What’s this got to do with parallelism?  Sometimes loose coupling between units of concurrency is an unaffordable luxury.  One such case is when implementing fine-grained parallelism.  (For the purpose of this article fine-grained parallelism is defined as parallelism where communication between units of concurrency happens several times per second.)  Unless the type system becomes so complex that computer science Ph.Ds can’t wrap their heads around it or major sacrifices are made in efficiency or expressiveness, this probably can’t be made statically checkable.  Nonetheless, there are safer ways of exploiting parallelism than using threads directly, while fitting into D’s current type system and preserving efficiency and expressiveness.
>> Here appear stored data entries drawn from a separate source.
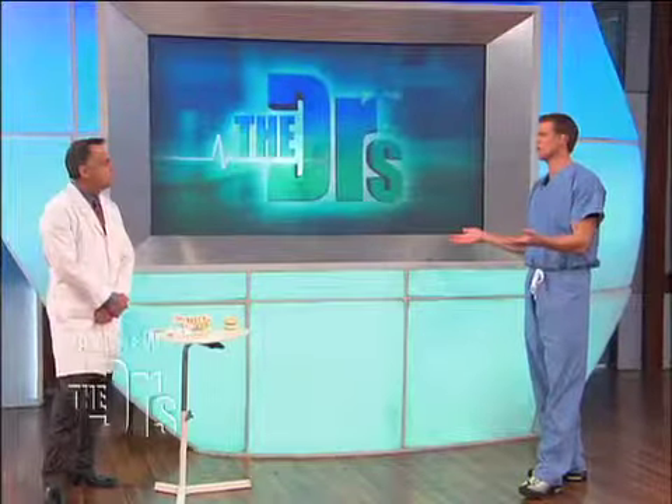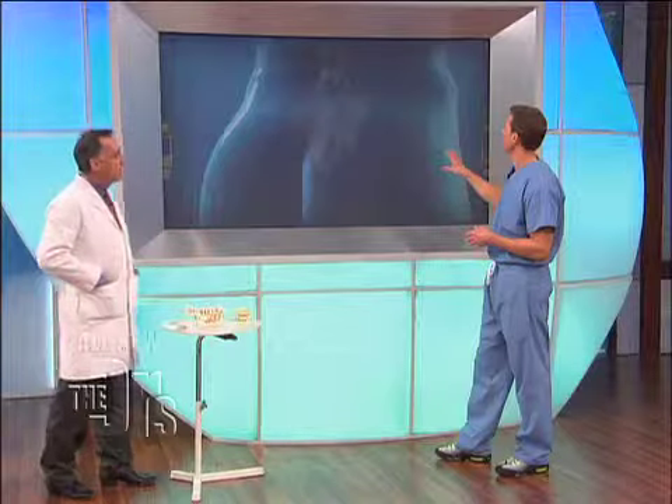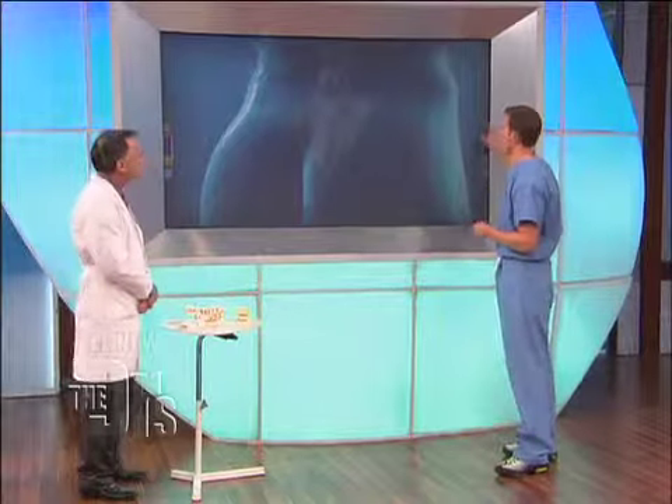So back pain is so very common. Obviously we hear about big surgeries, and sometimes big surgeries are needed, but you're here to talk about a new procedure. We're talking about the AcuraScope procedure today, which we feel to be a very exciting new procedure in medicine for back pain — specifically for the common thing we hear about, which is a slipped disc or herniated disc of the back. Let's walk through the animations up here of what exactly you're doing with the AcuraScope procedure.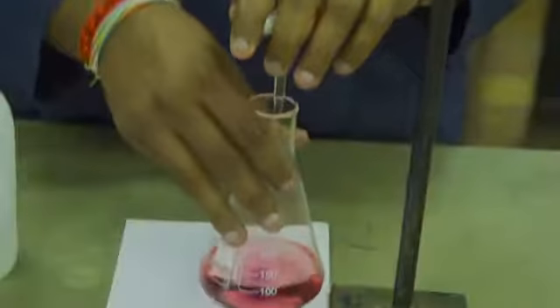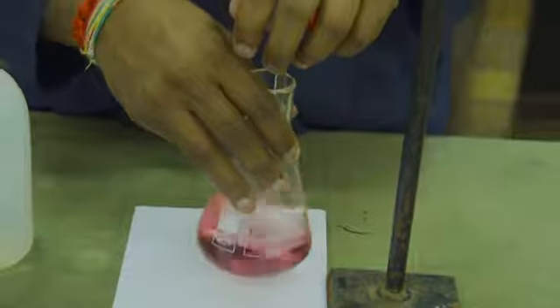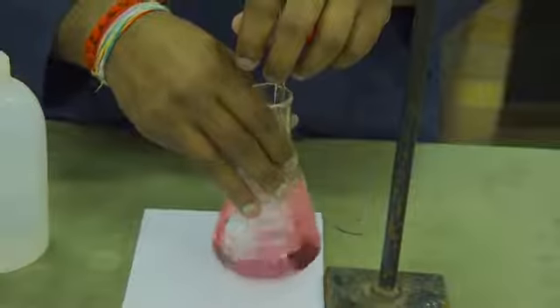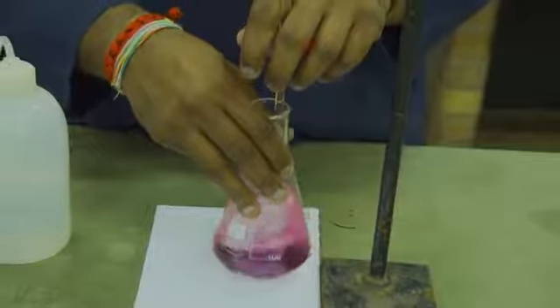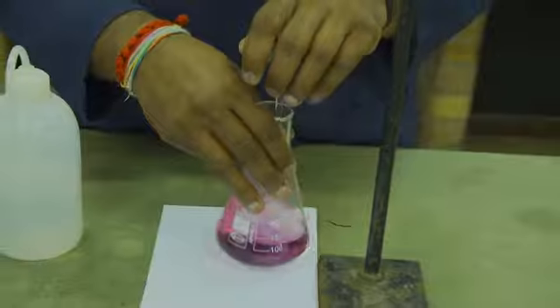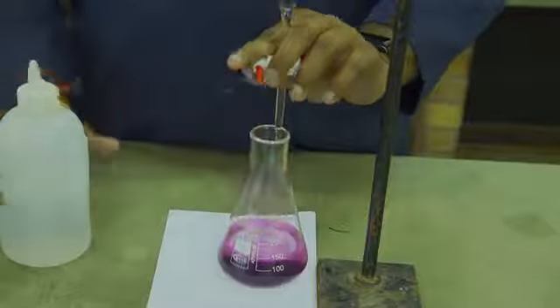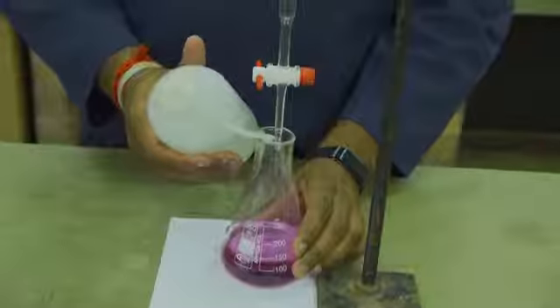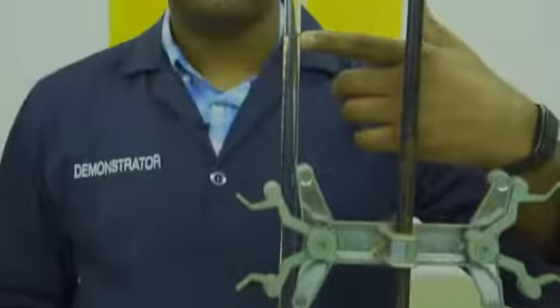As done in part A, you will record your initial volume on your burette. Thereafter, you will start your titration. The pink color will change to a purple color. You will then wash the jet with some deionized water and record your final volume.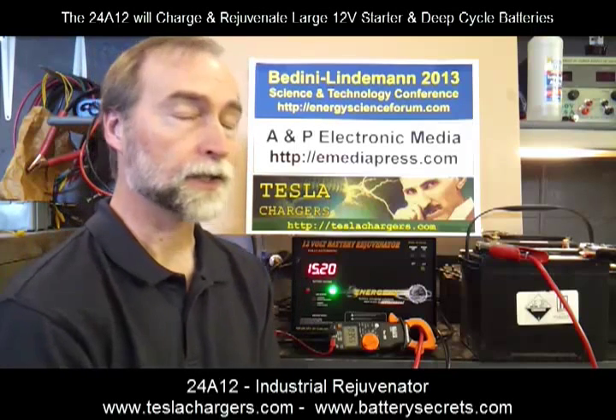This is the 24A12 by Energenics. My name is Peter Lindeman, and this is Tesla Chargers.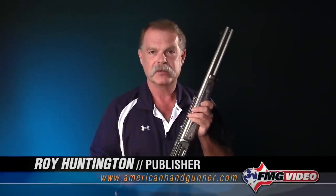Hi, I'm Roy Huntington, editor of American Handgunner Magazine, and welcome to our ongoing series of short videos on how to make guns safe and actions. What we're trying to do here is teach you a few basic things about firearms. Today we're going to talk about how do you make a lever-action safe?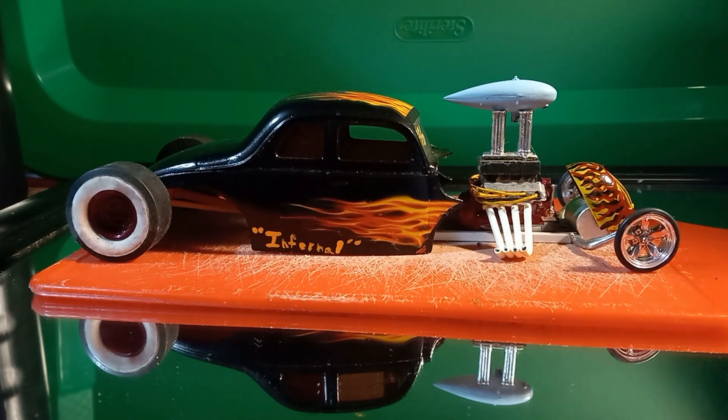Model Mine 72 coming at you once again with an update video. This is the 1944 Limburg kit that we did for the 2021 Model Mine 72 parts box build-off. I'm almost complete with this one — I want to go over a couple of versions.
std.parallelism (source code) is a module I’ve been prototyping for several years that was recently accepted into Phobos, the D standard library.  To introduce some terminology before discussing this module in more detail, std.parallelism is based on the concept of a Task, which is the fundamental unit of work and may be executed in parallel with any other Task.  A TaskPool encapsulates a task queue and worker threads, which execute the Task at the front of the task queue.  The globally accessible instance of this class is called taskPool.  A task queue is a FIFO queue where Tasks are submitted for execution.  A Task can be used explicitly for future/promise parallelism, and is used under the hood to implement higher level primitives.
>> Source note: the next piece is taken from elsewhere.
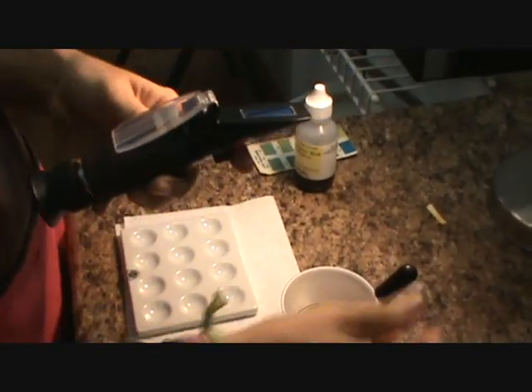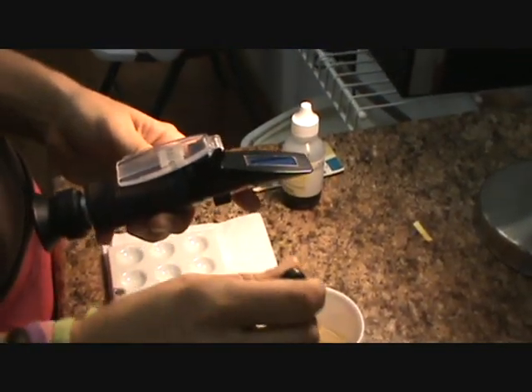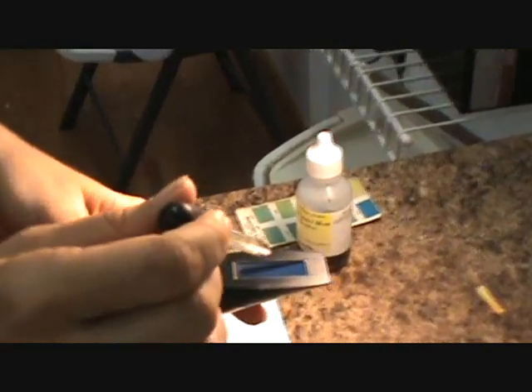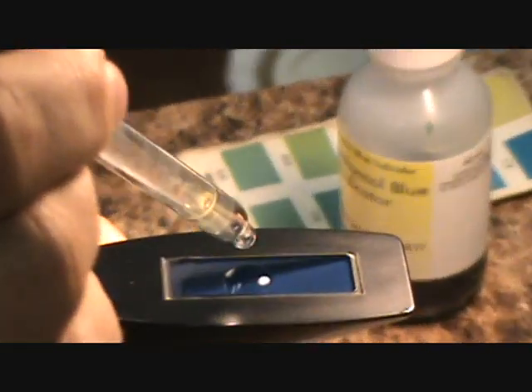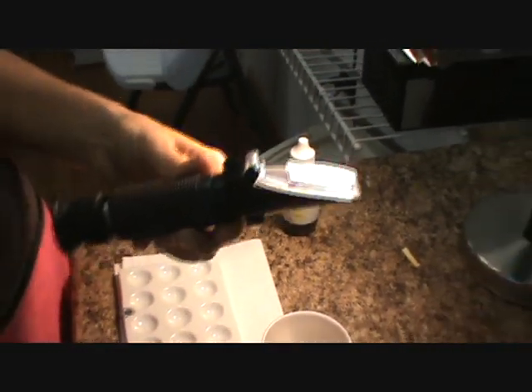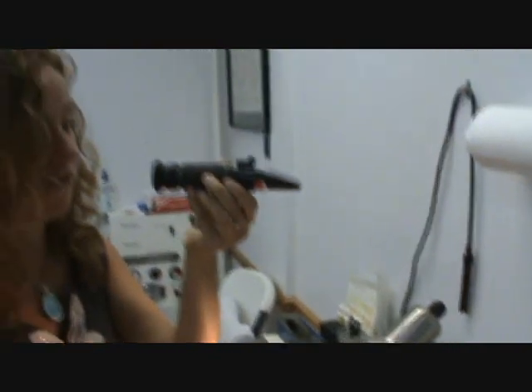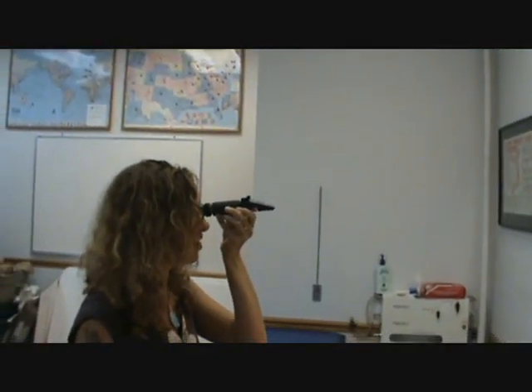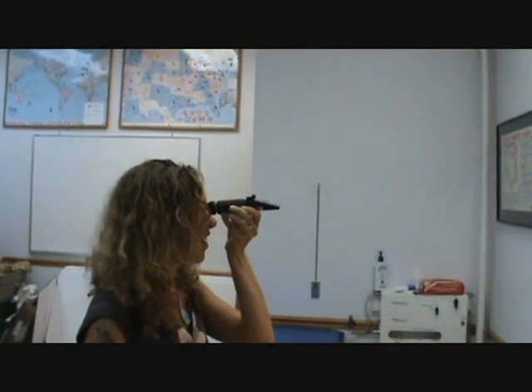So the first thing we do is we're going to test the sugars. You're going to have some fresh urine, and we're going to drop about two or three drops of urine onto the glass here, then drop this little lid down on top, push it down to make sure it's sealed, and then look through the refractometer. It's good to look at a light source so we can see what it is.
The fundamental compromise std.parallelism makes is that it’s up to you the programmer to understand how your program works and identify pieces of code that have no data dependencies and can be safely executed in parallel.  In the interest of preserving efficiency, expressiveness and flexibility std.parallelism doesn’t try to hold your hand here.  However, once you’ve correctly identified parallelizable code, std.parallelism provides primitives that automatically handle the low-level concurrency issues related to parceling out the work to worker threads and getting the results back to the thread where they’re needed.  If you need to think about locks, race conditions, atomic operations, dining philosophers, sleeping barbers, or generally black magic of low-level concurrency, you’re probably doing it wrong.*

One way to think of std.parallelism’s model is that it uses a weaker version of the isolation principle of std.concurrency.  If used idiomatically, every piece of data is owned by a single thread at any given instant or not mutable at that instant.  No two threads may even attempt to update the same piece of data at the same time.  If a piece of data were protected by a lock, this lock would never be contested.  The twist is that this ownership may change during the life of the program.  A memory fence is automatically inserted anytime data may change ownership.  Unfortunately some discipline is required to write code in idiomatic std.parallelism form.  The concept of all data being owned by a single thread at any given time is a high level invariant that is not statically checkable.  What std.parallelism provides is the mechanisms to make this model easy to implement without using locks or atomic operations or generally thinking about concurrency or low level memory model issues.  For example, the following code computes the logarithm of every number from 1 to 1,000,000 in parallel and stores the results in a single array:

import std.math, std.parallelism;

void main() {
     auto logs = new double[1_000_000];

     // A parallel foreach loop is just like a regular foreach loop,
     // except its body may be executed in parallel.
     foreach(i, ref num; taskPool.parallel(logs)) {
         num = log(i + 1.0);
     }
}

Let’s look at this code from the perspective of our weak isolation model.  Before the parallel foreach loop is entered, logs is owned by the program’s main thread.  The parallel foreach loop logic sends different loop iterations to different threads for execution.  The loop body is written such that all iterations are independent.  No two iterations write to the same piece of memory, and no iteration reads any piece of memory that another writes.  If worker thread A performs iteration 0, then worker thread A “owns” logs[0] while this iteration is occurring.  Adjacent elements may be owned by different threads, though in practice the design minimizes false sharing.  Once the loop is complete, ownership of all elements of logs is transferred back to the main thread.  The worker threads hold no reference to it and either terminate, sleep or execute unrelated work.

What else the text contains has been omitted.